Records for this task:

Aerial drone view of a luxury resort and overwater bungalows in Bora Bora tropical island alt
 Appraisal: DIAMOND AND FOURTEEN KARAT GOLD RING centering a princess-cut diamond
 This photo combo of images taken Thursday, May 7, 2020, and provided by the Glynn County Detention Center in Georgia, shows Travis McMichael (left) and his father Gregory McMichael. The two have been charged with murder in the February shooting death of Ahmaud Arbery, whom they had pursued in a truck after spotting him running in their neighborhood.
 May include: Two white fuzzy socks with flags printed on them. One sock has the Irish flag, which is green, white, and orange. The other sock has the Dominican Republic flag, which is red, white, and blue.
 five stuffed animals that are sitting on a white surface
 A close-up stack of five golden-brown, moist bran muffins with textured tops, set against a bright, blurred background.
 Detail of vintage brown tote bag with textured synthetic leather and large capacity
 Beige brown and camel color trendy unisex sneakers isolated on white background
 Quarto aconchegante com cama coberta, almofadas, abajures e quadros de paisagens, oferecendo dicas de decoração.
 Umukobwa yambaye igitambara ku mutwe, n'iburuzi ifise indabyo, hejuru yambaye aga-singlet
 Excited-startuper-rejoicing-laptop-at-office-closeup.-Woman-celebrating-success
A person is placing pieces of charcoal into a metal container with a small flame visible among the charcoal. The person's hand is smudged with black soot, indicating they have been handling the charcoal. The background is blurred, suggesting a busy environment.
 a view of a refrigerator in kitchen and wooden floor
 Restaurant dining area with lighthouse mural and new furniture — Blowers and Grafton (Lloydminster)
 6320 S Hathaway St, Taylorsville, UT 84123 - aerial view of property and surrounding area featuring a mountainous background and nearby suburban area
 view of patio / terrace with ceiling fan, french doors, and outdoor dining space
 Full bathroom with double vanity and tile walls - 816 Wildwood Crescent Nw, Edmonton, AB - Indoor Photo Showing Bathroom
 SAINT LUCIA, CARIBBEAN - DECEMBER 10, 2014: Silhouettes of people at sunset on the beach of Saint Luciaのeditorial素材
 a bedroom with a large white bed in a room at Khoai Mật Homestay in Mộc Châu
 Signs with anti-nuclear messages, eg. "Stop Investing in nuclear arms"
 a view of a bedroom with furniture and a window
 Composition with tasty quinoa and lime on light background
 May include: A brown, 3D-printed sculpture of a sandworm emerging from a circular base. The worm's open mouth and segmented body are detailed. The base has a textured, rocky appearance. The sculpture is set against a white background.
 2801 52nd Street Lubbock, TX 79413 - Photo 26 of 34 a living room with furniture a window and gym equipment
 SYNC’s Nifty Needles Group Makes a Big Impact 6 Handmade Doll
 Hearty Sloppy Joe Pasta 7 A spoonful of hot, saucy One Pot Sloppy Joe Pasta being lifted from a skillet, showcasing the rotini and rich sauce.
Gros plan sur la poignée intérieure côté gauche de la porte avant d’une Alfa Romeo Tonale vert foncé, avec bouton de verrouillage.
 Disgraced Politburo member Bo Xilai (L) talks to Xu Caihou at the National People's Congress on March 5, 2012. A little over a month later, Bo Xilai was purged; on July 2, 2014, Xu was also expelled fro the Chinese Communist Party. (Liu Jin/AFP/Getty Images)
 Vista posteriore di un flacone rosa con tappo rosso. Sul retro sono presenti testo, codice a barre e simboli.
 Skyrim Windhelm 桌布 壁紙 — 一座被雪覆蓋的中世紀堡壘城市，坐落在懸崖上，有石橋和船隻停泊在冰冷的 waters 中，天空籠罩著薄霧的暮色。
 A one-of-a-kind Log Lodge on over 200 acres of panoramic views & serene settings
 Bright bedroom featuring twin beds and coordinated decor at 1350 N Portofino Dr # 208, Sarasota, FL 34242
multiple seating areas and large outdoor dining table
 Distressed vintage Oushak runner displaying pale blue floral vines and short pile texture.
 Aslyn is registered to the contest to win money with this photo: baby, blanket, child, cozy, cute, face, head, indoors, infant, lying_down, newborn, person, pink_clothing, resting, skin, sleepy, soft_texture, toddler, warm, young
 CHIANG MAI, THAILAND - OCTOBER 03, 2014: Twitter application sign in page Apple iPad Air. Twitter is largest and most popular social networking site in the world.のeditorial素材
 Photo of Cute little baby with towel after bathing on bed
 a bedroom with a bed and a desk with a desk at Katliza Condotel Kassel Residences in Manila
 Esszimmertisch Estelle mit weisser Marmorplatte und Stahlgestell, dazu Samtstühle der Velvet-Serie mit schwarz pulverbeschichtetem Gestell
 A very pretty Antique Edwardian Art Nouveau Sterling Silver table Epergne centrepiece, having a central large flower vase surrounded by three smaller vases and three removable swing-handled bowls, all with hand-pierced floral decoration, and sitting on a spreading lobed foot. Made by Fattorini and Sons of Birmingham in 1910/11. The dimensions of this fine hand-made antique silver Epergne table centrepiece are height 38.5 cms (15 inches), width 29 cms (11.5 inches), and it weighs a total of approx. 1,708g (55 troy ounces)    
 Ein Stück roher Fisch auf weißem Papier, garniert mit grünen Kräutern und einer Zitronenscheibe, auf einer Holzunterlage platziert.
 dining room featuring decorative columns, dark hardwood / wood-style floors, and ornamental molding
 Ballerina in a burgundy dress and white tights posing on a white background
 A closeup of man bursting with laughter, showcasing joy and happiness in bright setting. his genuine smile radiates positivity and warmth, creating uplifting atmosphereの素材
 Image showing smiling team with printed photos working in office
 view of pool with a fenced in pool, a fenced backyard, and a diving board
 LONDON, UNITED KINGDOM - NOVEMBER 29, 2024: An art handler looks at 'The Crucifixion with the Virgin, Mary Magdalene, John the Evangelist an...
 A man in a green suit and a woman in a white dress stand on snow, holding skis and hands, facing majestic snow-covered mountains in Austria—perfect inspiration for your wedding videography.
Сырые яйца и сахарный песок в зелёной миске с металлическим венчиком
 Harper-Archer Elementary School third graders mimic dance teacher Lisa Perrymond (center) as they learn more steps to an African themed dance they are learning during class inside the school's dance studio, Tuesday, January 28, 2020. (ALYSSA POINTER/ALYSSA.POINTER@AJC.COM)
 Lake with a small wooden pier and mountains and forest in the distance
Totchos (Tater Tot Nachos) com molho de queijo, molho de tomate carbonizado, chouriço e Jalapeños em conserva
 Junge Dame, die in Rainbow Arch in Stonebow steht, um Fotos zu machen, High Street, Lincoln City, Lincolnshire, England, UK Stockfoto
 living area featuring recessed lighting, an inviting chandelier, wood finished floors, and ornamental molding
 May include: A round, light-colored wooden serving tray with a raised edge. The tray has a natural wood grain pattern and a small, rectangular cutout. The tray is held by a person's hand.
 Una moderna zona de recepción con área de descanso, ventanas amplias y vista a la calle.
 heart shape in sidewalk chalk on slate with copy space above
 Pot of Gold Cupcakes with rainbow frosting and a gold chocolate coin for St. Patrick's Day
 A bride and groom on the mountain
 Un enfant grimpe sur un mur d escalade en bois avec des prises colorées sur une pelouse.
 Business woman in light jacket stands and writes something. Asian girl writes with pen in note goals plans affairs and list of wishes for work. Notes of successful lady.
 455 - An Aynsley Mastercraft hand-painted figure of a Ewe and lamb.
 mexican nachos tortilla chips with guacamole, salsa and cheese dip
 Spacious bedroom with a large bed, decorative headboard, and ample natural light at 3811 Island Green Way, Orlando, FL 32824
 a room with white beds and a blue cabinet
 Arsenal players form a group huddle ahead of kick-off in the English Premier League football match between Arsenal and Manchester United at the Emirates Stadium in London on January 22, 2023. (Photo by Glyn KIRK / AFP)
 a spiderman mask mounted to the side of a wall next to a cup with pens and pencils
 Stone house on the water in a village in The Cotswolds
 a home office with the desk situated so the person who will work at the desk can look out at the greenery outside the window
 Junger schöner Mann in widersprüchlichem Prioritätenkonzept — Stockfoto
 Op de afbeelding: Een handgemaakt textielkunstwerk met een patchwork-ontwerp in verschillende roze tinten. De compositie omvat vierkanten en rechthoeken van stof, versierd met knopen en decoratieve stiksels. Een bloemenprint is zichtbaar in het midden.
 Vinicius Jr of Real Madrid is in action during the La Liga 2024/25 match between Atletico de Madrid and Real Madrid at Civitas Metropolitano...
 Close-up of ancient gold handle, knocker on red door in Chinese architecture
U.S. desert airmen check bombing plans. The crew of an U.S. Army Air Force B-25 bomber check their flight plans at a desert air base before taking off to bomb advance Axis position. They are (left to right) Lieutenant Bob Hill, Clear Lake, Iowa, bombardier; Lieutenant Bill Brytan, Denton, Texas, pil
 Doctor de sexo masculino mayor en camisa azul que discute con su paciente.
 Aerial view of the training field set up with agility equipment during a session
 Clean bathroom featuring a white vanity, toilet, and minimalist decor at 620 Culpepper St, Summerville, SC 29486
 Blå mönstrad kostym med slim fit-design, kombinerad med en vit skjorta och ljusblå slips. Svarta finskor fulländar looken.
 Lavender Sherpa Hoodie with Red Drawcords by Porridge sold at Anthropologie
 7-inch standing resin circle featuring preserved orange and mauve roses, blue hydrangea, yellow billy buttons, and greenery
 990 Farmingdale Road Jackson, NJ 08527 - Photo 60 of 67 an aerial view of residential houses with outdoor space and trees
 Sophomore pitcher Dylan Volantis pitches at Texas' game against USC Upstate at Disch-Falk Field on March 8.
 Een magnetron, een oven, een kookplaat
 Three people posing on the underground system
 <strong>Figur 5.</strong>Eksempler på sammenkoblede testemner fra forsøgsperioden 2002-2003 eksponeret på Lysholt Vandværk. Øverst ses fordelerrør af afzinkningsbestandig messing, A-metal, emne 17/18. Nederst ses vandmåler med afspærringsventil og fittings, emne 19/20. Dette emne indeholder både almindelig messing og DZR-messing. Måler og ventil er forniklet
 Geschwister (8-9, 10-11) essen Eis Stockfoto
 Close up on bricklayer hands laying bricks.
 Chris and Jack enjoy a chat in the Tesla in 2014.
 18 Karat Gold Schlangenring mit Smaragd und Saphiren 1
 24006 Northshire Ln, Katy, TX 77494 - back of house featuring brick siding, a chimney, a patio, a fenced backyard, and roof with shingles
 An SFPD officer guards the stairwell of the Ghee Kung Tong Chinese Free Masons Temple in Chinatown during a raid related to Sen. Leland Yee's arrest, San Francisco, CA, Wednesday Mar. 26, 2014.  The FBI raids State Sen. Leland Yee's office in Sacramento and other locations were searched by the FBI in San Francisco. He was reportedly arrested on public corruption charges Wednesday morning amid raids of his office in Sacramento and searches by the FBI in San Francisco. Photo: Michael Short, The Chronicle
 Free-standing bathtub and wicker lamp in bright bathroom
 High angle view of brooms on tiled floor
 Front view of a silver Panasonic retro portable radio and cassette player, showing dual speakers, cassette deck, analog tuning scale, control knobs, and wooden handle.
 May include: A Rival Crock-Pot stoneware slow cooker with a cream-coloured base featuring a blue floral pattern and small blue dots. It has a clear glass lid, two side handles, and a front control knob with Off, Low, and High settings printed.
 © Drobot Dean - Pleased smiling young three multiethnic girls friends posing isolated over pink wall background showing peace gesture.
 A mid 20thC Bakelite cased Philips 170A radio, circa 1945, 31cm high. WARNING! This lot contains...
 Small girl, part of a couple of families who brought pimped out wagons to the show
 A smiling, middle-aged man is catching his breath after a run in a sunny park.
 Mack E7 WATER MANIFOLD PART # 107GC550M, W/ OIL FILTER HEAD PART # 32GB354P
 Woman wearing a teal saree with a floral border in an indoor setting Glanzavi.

Problem to solve:
Could you filter the entries above for lines holding the string "window" and copy them?

Your response:
 a view of a bedroom with furniture and a window
 2801 52nd Street Lubbock, TX 79413 - Photo 26 of 34 a living room with furniture a window and gym equipment
 a home office with the desk situated so the person who will work at the desk can look out at the greenery outside the window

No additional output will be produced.